Symptomatic Carotid Stenosis: Urgent Best Medical Therapy May Obviate the Need for Urgent Surgery Interview with: Saeid Shahidi, MD.

Chief Consultant in supra-aortic surgery.
Vascular Unit, Regional Hospital Slagelse,
Region Zealand, Denmark. What is the background of your study?

Answer: Our Prospective Population-based study showed, an expedited CEA can be performed in the subacute period ( >2 – <30 days) without significantly increasing the operative risk. The acute admission and urgent aggressive BMT with dual therapy in our cohort was associated with significant reduction P<0.00001 in the risk of early neurological recurrent (NR) in the CEA patient. It seems that in neurologically stable patients CEA can wait up to 30 days provided urgent BMT has been started in specialized stroke/ TIA clinics. Our study also adds to the data on the benefit of specialist TIA clinics. What are the main findings of the study?

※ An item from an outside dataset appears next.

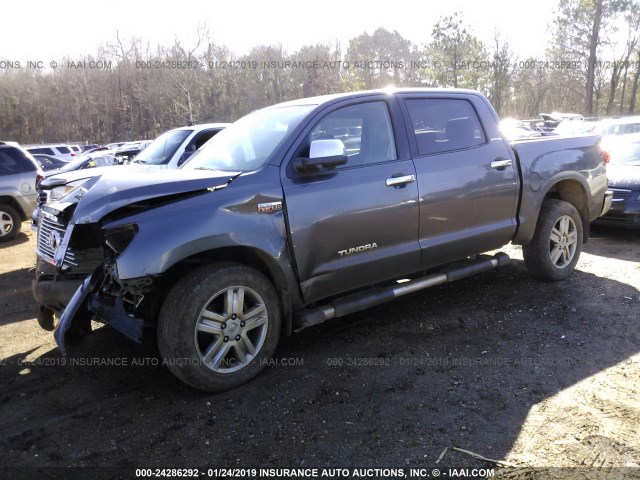 5TFHY5F13DX285458 - 2013 TOYOTA TUNDRA CREWMAX LTD/PLATINUM GRAY photo 2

Answer:  The most guidelines recommend subacute <14 days CEA after the last neurologic carotid attacks and a few Guidelines recommend Urgent CEA (24h-7 days) after the last attack, as it is believed that the early risk of stroke in patients with moderate and severe carotid stenosis is about 25 % in the first 14 days after the index event and highest in the first 72 hours after neurological attack (NR). Some vascular surgeons are concerned about outcomes. Large retrospective and prospective studies showed that the risk of stroke and death are high 8-10% in patients who are operated on very early <14 days after the index event compared with patients who undergo surgery 30 days after their last attack. The risk of serious complication (stroke and death) is highest in those operated urgent in the first (0-3 days) after the attack. Our studies show an acute hospitalization and aggressive BMT in the specialist stroke clinics can obviate the need of urgent surgery. Acute aggressive BMT reduced neurological attack by a factor of 10 in our study prior CEA, where the median delay was 26 days after the index event. We had no 30 days mortality, stroke while waiting time to CEA and no stroke or death after CEA. This is fairly new and a different way of thinking and treat patients with symptomatic carotid stenosis. Our study also discusses the logistical challenges that exist to implement a fast-track CEA, despite centralization and follow-up checks. Where any of the findings unexpected?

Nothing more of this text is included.